Documentation for the module is in the file
doc/index_map_type.md
.
The doc
directory README has links to some additional
information.
The example
directory contains several example programs that illustrate
the usage of the index_map_type
module. These programs are automatically
compiled as part of the build process. See its README
file for details on the examples and how to run them.
First clone the repository:
$ git clone https://github.com/nncarlson/index-map.git
$ cd index-map
The project uses CMake (version 3.19 or later) to compile the project.
You may need to set your FC
environment variable to the path of your
Fortran compiler before running cmake
to ensure that CMake finds the
correct compiler.
$ mkdir build
$ cd build
$ cmake .. -DCMAKE_Fortran_FLAGS="-O3 -DNDEBUG"
$ make
Set your desired compiler flags using CMAKE_Fortran_FLAGS
. Define the
preprocessor macro NDEBUG
(as shown) to disable runtime assertion checks.
If CMake does not automatically find the MPI installation that matches
your Fortran compiler, you can help it by setting the environment variable
MPI_HOME
to the root directory of the MPI installation. Note that the MPI
Fortran interface (the mpi
module) must have been compiled with the same
Fortran compiler being used to compile this project.
This CMake setup understands how to build the coarray version when using one of these Fortran compilers:
- NAG 7.1 or later with its built-in coarray support for shared-memory systems.
- Intel OneAPI with its built-in coarray support. Both the classic ifort and the new LLVM-based ifx compiler are supported. The companion Intel MPI package must be installed and Intel's setup script run to configure your environment. The Intel coarray implementation uses MPI under the hood.

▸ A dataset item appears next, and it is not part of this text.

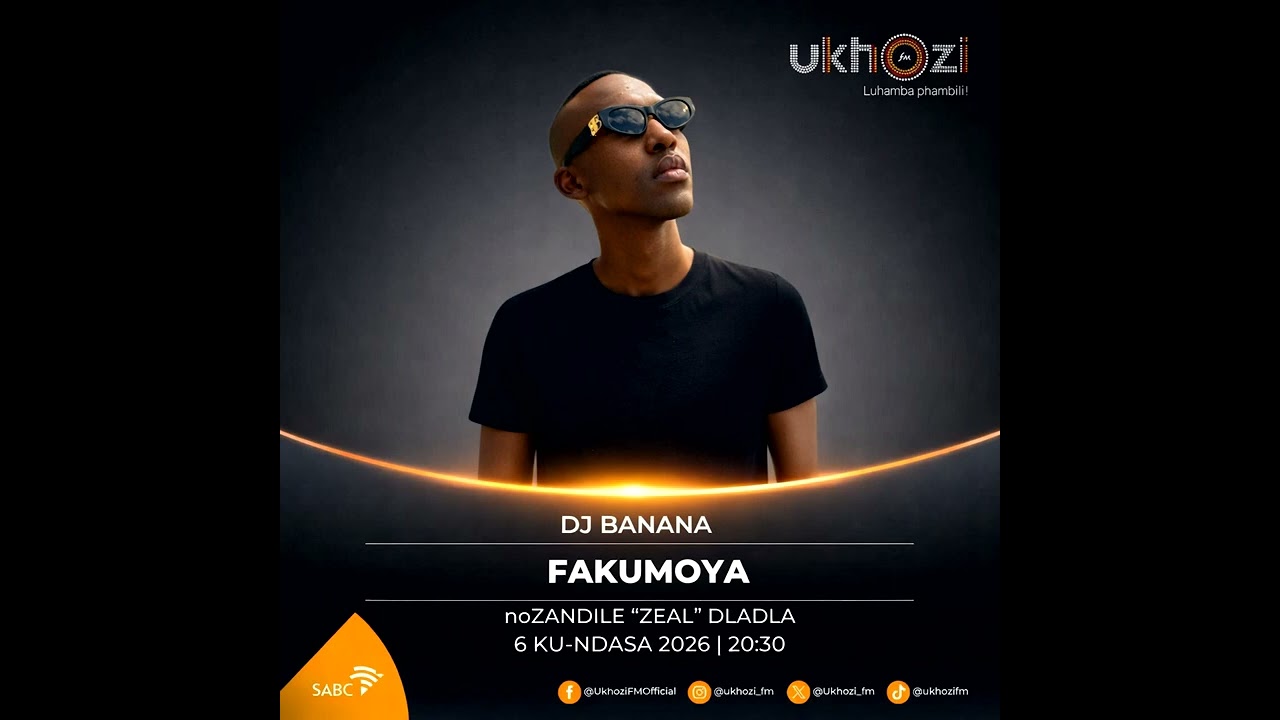 Dj Banana - Ukhozi Fm Mix 06/03/2027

- GFortran with OpenCoarrays.
OpenCoarrays supplies the implementation of coarrays used by the gfortran
compiler. Be sure the
bin
directory of the opencoarrays installation is in your path so that the compiler wrappercaf
and runnercafrun
can be found. SetFC=caf
before running cmake. OpenCoarrays uses MPI under the hood, and at the time of this writing is compatible with MPICH version 4.0, but not 4.1 or later. Refer to the OpenCoarrays website for requirements.
$ mkdir build
$ cd build
$ cmake .. -DUSE_CAF=Yes -DCMAKE_Fortran_FLAGS="-O3 -DNDEBUG"
$ make
The CMake setup does not currently install a library. It will merely build
the unit test programs and example programs. The current thinking is that
a user will simply incorporate the source code for the index_map_type
module directly into the source for their application. This could change in
the future.
From the build
directory simply run ctest
:
$ ctest
Test project /home/user/index-map/build
Start 1: localize
1/5 Test #1: localize ......................... Passed 0.07 sec
Start 2: gather
2/5 Test #2: gather ........................... Passed 0.07 sec
Start 3: scatter
3/5 Test #3: scatter .......................... Passed 0.08 sec
Start 4: collate
4/5 Test #4: collate .......................... Passed 0.07 sec
Start 5: distribute
5/5 Test #5: distribute ....................... Passed 0.08 sec
100% tests passed, 0 tests failed out of 5
Total Test time (real) = 0.37 sec
Each test is actually a collection of sub-tests (about 100 in all);
run ctest -V
to get the verbose output. All tests should pass.
Note: These parallel tests use 4 processes. Without additional options / environment settings, MPI may refuse to run "over-subscribed" when testing on a system with fewer than 4 cores or hardware threads.
This project is distributed under the terms of the MIT license. See LICENSE.md for details.